• [DATA EXCERPT]
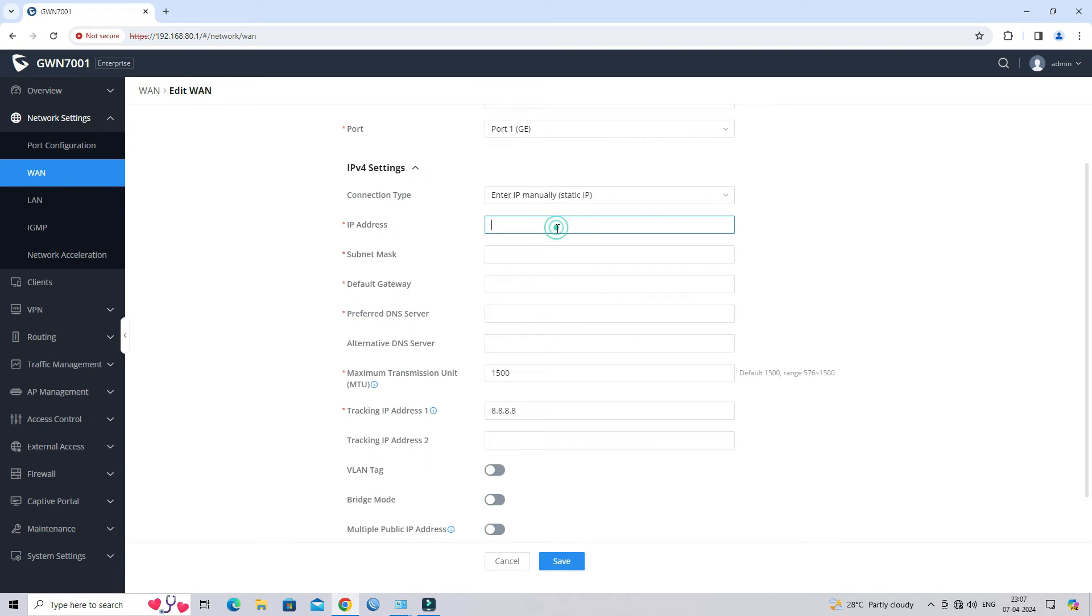Specify the IP address, subnet mask, default gateway and DNS servers.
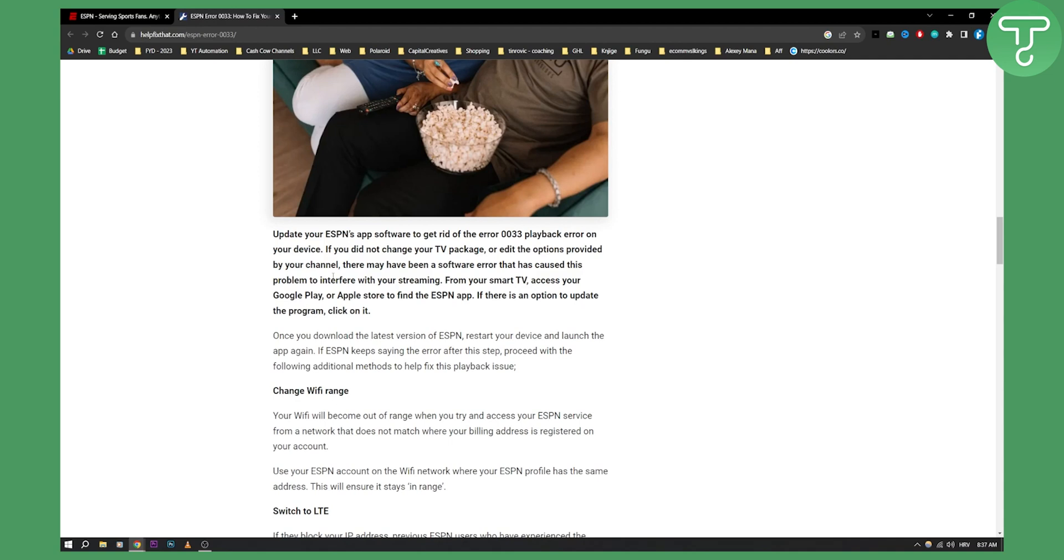If you did not change your TV package or edit your options provided by your channel, there may have been a software error that caused this problem. You need to basically, from your smart TV, access your Google Play or Apple Store to find the ESPN app and then if there is an option to update the program, click on it.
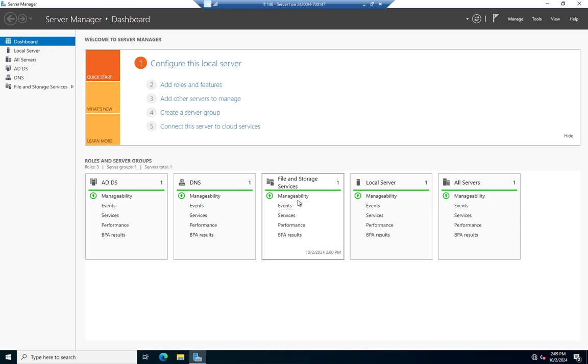All right, so there you go — a quick introduction to viewing and managing Active Directory FSMO roles.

• [EXERCISE REQUIREMENTS] Without the pictures, write out the whole listing exactly as it appears.

• [ANSWER TO THIS EXERCISE]
Specify the IP address, subnet mask, default gateway and DNS servers.
If you did not change your TV package or edit your options provided by your channel, there may have been a software error that caused this problem. You need to basically, from your smart TV, access your Google Play or Apple Store to find the ESPN app and then if there is an option to update the program, click on it.
All right, so there you go — a quick introduction to viewing and managing Active Directory FSMO roles.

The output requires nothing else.